An official website of the United States government
Here's how you know
A .mil website belongs to an official U.S. Department of Defense organization in the United States.
A lock (lock ) or https:// means you’ve safely connected to the .mil website. Share sensitive information only on official, secure websites.

Home : News : State Partnership Program
NEWS | Feb. 2, 2011

Guard ADT conference points way forward

By Capt. Peter Shinn 734th Agri-Business Development Team

JALALABAD, Afghanistan - Two Agribusiness Development Teams that are currently working in eastern Afghanistan and the two ADT's that will replace them met here Jan. 28 to compare notes, share best practices and chart the way ahead for the ADT's in Kunar and Nangarhar provinces.

The Iowa National Guard’s 734th ADT, based in Kunar, and Missouri ADT IV, based in Nangarhar, have been working to develop the agribusiness sector in eastern Afghanistan since July. The Illinois National Guard’s 1-14th ADT is slated to relieve the Iowa team in a few months, while Missouri ADT V will do the same for Missouri ADT IV at about the same time.

The ADT conference, which kicked-off at Forward Operating Base Fenty in Jalalabad, marked the first time all four ADT's had gathered. During opening remarks, U.S. Army Col. Andrew Poppas of Janesville, Wis., commander of the 101st Airborne Division’s Task Force Bastogne, commended the Iowa ADT and Missouri ADT IV, and urged the incoming ADT's to emulate their predecessors.

“You’re looking at two ADT's in Iowa and Missouri that came in here at a sprint and haven’t let up,” Poppas said. “You’ve got a very limited amount of time to make a difference here, so make sure you’re prepared to hit the ground running.”

U.S. Army Col. Craig Bargfrede of Ankeny, Iowa, commander of the Iowa ADT, credited the TF Bastogne Civil Affairs team for organizing the conference. He also explained the event’s primary objectives.

“Colonel Fortune [the commander of Missouri ADT IV] and myself wanted to make sure the teams that will follow us can transition seamlessly,” Bargfrede said. “This conference has given us the opportunity to share our experience with them first-hand, and given them the opportunity to get a brigade-level perspective on civil-military operations.”

Michael Fortune is a St. Louis native and U.S. Army colonel. He noted many of the lessons Missouri ADT IV learned in Nangahar mirror the experiences of the Iowa ADT in Kunar.

“I think Craig and I both agree that to maximize its effectiveness, the ADT must focus on empowering, motivating, training, and inspiring the Afghan people and their government to take ownership of and to address the many agriculture-related challenges here,” Fortune said. “In other words, we must find ways to get the Afghans fully invested in their own future."

Those lessons were important, according to U.S. Army Col. Fred Allen of Delavan, Ill., who commands the Illinois ADT.

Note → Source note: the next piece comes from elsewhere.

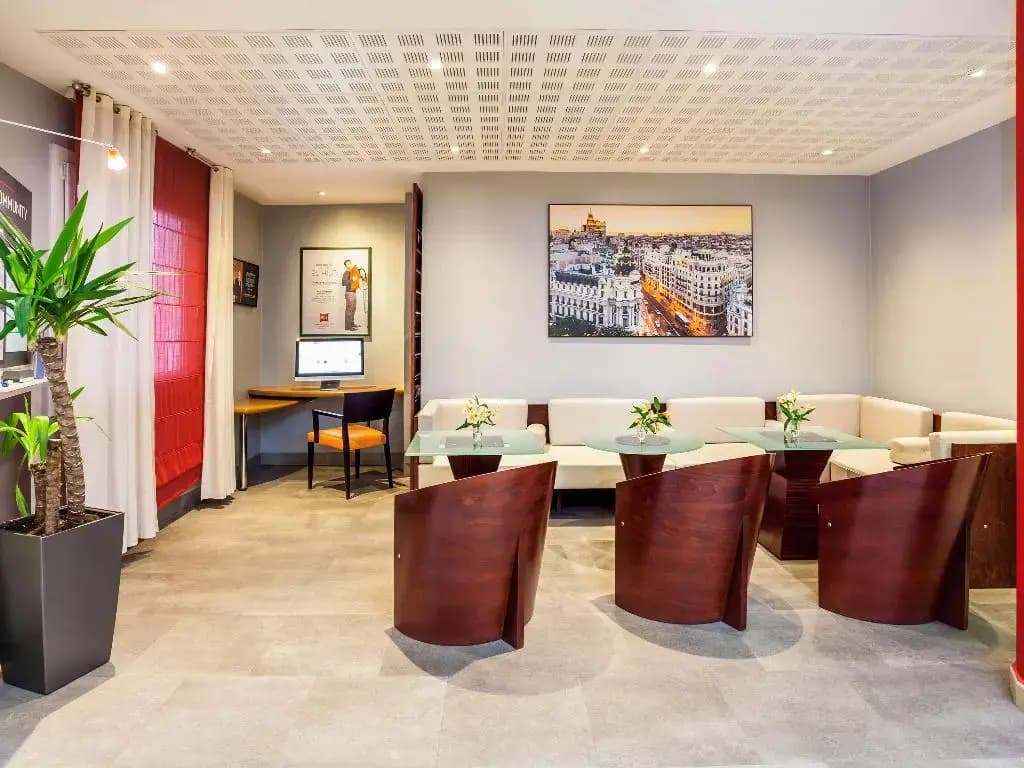 ibis Madrid Calle Alcala - photo 2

“We just came from five days at the COIN [counterinsurgency] Academy in Kabul, and that was a lot of big-picture stuff,” Allen said. “It was great, but this conference has given us a much better view of some of our actual operational considerations, and we’ll be able to use what we’ve learned here to round out our pre-mobilization training.”

There are some differences between the situations of the Illinois ADT and Missouri ADT V. The Illinois ADT is replacing an ADT from Iowa, which replaced an ADT from California. In contrast, the Missouri National Guard constituted all four ADT's that have worked in Nangahar province since early 2008, and has committed to forming the next three ADT's that will serve in Nangahar. U.S. Army Col. John Akers of Troy, Mo., commander of Missouri ADT V, agreed the continuity of the Missouri ADT's is an advantage.

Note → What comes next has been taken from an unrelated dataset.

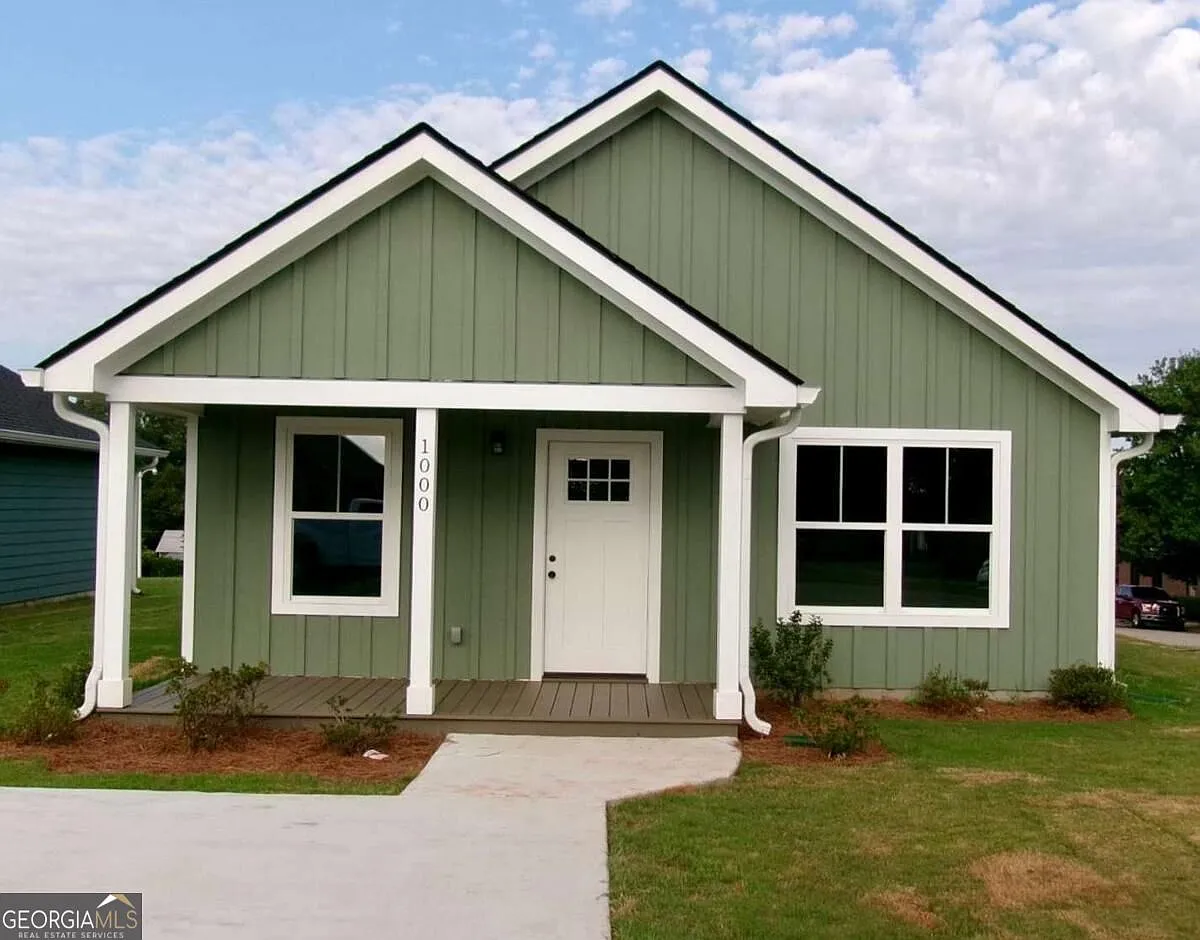 3 bed, 2.0 bath, $1,800 — Photo 1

“It is, because we’re able to directly build on the accomplishments of the last ADT,” Akers said. “It also gives us a wealth of folks who have been on these ADT's across the state,” he added. “We’ve got people from Missouri ADT I and II working in state headquarters now, and we’ve got reach-back capability to that experience if we need it.”

Still, Akers pointed to the ADT conference as a significant educational experience for his team.

“This really showed me how important it is to put an ‘Afghan-face’ on what we’re doing here,” Akers said. “The emphasis isn’t on spending money on projects; it’s on getting the Afghan government into a position that they can provide agricultural services that are sustainable.”